Laut dem Vorsitzenden des Auswärtigen Ausschusses im Bundestag, Michael Roth, wäre eine türkische Mitgliedschaft eine klare Abkehr des Landes vom Sicherheitsbündnis NATO. Der türkische Präsident Recep Tayyip Erdoğan wolle zwischen Asien und Europa die Türkei als eine Regionalmacht etablieren.

Letzteres ist ein natürliches und berechtigtes Interesse der Türkei, eine Regionalmacht zu werden. Deutschland will ja auch eine neue „Führungsrolle“ in der Weltordnung einnehmen, wie die Parteikollegin von Roth, Verteidigungsministerin Christine Lambrecht (SPD), in einer kürzlich abgehaltenen Grundsatzrede unterstrich. Deutschland will in der neuen Weltordnung ihren Platz, während die Türkei nicht einmal einen regionalen Platz einnehmen darf? Gehts noch?

Was der NATO-Mitgliedschaft der Türkei laut Roth diametral entgegenstehe, sei eine anvisierte Mitgliedschaft in der SCO. Die SCO beschäftigt sich aber mit der sicherheitspolitischen Zusammenarbeit der Mitgliedstaaten sowie Wirtschafts- und Handelsfragen und der Stabilität in der Region. Es geht vordergründig um eine Intensivierung der Beziehungen, nicht um ein Verteidigungsbündnis. Das sind türkische Interessen, die vor allem in regionalen Fragen der Sicherheit, der Wirtschaft und dem Handel dient. 

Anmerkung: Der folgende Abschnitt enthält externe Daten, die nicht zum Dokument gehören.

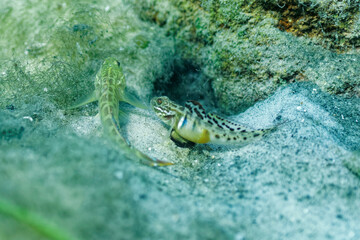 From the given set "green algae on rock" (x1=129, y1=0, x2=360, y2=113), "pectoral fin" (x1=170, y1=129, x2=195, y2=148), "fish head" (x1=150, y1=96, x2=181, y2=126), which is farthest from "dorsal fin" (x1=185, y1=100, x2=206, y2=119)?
"green algae on rock" (x1=129, y1=0, x2=360, y2=113)

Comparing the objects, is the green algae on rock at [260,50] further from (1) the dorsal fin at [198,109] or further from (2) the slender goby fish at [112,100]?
(2) the slender goby fish at [112,100]

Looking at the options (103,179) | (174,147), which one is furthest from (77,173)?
(174,147)

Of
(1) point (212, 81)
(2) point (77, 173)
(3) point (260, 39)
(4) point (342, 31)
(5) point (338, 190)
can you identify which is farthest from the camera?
(1) point (212, 81)

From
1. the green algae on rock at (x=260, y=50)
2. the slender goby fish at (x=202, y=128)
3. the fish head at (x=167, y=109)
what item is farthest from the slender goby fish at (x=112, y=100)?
the green algae on rock at (x=260, y=50)

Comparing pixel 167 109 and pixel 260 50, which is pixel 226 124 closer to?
pixel 167 109

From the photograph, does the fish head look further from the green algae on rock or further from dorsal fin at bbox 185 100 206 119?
the green algae on rock

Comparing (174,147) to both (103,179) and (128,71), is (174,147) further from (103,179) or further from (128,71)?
(128,71) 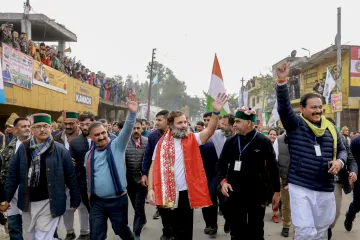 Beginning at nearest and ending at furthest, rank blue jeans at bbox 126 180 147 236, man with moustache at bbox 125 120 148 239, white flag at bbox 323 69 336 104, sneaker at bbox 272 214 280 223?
blue jeans at bbox 126 180 147 236 → man with moustache at bbox 125 120 148 239 → sneaker at bbox 272 214 280 223 → white flag at bbox 323 69 336 104

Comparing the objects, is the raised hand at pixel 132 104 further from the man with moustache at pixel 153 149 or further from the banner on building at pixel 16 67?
the banner on building at pixel 16 67

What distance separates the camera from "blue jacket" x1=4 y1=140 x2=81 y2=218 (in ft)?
13.2

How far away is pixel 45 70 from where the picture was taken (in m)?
12.8

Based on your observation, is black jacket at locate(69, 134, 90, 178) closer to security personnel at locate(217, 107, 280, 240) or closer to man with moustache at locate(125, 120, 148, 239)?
man with moustache at locate(125, 120, 148, 239)

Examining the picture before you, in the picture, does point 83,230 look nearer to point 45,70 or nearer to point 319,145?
point 319,145

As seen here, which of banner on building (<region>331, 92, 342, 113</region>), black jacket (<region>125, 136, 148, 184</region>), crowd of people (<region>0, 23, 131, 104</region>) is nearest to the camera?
black jacket (<region>125, 136, 148, 184</region>)

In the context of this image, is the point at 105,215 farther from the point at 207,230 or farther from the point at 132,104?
the point at 207,230

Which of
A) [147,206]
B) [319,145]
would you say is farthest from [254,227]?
[147,206]

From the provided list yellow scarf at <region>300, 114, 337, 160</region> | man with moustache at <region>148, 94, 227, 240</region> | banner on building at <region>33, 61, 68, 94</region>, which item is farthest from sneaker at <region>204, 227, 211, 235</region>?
banner on building at <region>33, 61, 68, 94</region>

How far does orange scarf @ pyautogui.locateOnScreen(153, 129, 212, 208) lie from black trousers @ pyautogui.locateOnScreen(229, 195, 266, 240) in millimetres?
373

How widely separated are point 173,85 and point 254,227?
89611 mm

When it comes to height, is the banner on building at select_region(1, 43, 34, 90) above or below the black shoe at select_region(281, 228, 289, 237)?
above

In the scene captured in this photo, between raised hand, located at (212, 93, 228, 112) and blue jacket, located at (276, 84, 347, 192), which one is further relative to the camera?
raised hand, located at (212, 93, 228, 112)

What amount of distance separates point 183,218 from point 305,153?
5.15ft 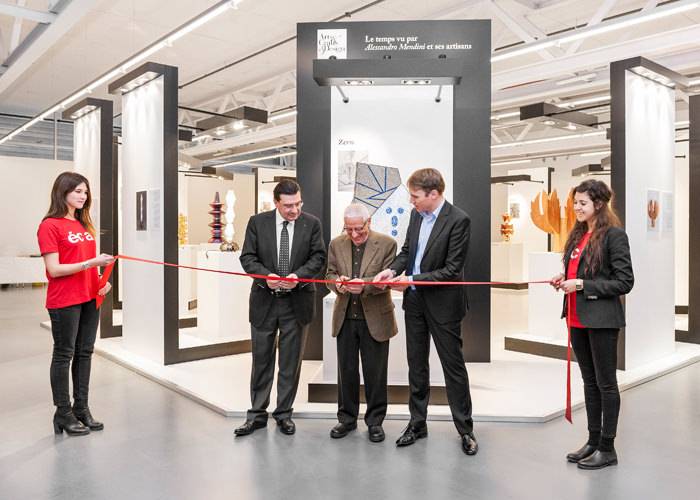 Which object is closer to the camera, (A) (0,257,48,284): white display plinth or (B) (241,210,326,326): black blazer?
(B) (241,210,326,326): black blazer

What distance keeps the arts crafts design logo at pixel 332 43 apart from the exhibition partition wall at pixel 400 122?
1 cm

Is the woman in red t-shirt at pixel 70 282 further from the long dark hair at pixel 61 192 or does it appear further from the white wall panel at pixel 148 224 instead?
the white wall panel at pixel 148 224

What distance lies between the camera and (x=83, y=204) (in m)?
3.92

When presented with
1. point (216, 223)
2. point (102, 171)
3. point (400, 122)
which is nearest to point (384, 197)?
point (400, 122)

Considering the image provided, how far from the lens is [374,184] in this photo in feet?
18.4

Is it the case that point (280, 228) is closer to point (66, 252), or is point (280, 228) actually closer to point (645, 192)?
point (66, 252)

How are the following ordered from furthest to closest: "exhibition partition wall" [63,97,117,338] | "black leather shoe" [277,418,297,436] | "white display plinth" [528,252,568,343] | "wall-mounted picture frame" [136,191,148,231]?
"exhibition partition wall" [63,97,117,338], "white display plinth" [528,252,568,343], "wall-mounted picture frame" [136,191,148,231], "black leather shoe" [277,418,297,436]

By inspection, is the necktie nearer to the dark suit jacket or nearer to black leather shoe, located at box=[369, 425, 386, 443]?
the dark suit jacket

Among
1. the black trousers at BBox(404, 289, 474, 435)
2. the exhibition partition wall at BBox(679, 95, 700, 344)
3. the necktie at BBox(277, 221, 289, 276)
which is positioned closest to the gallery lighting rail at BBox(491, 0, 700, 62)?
the exhibition partition wall at BBox(679, 95, 700, 344)

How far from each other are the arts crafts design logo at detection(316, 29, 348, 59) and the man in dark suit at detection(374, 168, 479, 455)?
2.91m

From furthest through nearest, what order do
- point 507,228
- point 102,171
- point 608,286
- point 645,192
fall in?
point 507,228 → point 102,171 → point 645,192 → point 608,286

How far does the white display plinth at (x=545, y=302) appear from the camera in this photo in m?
6.75

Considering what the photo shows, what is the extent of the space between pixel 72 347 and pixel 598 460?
3.27 m

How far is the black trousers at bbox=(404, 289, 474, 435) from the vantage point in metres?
3.65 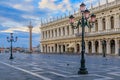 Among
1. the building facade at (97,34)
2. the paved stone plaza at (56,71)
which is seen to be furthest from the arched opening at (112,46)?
the paved stone plaza at (56,71)

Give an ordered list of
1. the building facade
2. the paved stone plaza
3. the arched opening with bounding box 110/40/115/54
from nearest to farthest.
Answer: the paved stone plaza < the building facade < the arched opening with bounding box 110/40/115/54

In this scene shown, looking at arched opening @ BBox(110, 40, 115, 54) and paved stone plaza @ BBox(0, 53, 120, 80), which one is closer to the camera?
paved stone plaza @ BBox(0, 53, 120, 80)

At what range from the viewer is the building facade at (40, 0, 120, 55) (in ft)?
194

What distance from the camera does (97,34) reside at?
2576 inches

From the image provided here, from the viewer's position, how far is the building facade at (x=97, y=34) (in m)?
59.0

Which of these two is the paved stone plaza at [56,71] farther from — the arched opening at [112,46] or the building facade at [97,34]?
the arched opening at [112,46]

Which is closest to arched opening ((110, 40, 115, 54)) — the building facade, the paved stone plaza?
the building facade

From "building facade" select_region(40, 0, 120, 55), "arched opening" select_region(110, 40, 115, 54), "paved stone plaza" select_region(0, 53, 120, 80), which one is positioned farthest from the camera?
"arched opening" select_region(110, 40, 115, 54)

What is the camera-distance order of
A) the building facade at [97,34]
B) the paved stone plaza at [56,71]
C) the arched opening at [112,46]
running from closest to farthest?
the paved stone plaza at [56,71], the building facade at [97,34], the arched opening at [112,46]

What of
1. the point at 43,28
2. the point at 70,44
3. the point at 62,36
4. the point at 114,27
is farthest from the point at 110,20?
the point at 43,28

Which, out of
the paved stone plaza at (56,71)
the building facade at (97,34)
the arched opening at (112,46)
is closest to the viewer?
the paved stone plaza at (56,71)

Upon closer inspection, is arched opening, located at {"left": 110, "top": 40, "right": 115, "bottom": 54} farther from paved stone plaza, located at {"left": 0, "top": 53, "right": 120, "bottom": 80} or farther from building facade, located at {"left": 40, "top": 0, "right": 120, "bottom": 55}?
paved stone plaza, located at {"left": 0, "top": 53, "right": 120, "bottom": 80}

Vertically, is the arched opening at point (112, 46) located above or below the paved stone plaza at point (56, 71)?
above

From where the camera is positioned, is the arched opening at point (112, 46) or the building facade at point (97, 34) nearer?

Übrigens hat die NATO die regionalen Interessen der Türkei selbst überstrapaziert. Vor allem deren Mitgliedsstaaten, die in Syrien, im Irak oder in Libyen diametral entgegenstehende Interessen vertraten und dabei sogar das Völkerrecht aushebelten. Die Türkei blieb ihrer Linie treu, während diese Mitglieder sich aufführten, also gebe es einen Ausverkauf ideeller Werte. Und das kuriose dabei ist, dass man dabei quasi z.B. in Libyen die Linie Russlands und deren Wagner-Gruppe folgte, die dort mit Generalissimus Chalifa Haftar wütete. Vielleicht sollte Roth den Kompass der NATO neu justieren, statt sich auf die Türkei zu versteifen?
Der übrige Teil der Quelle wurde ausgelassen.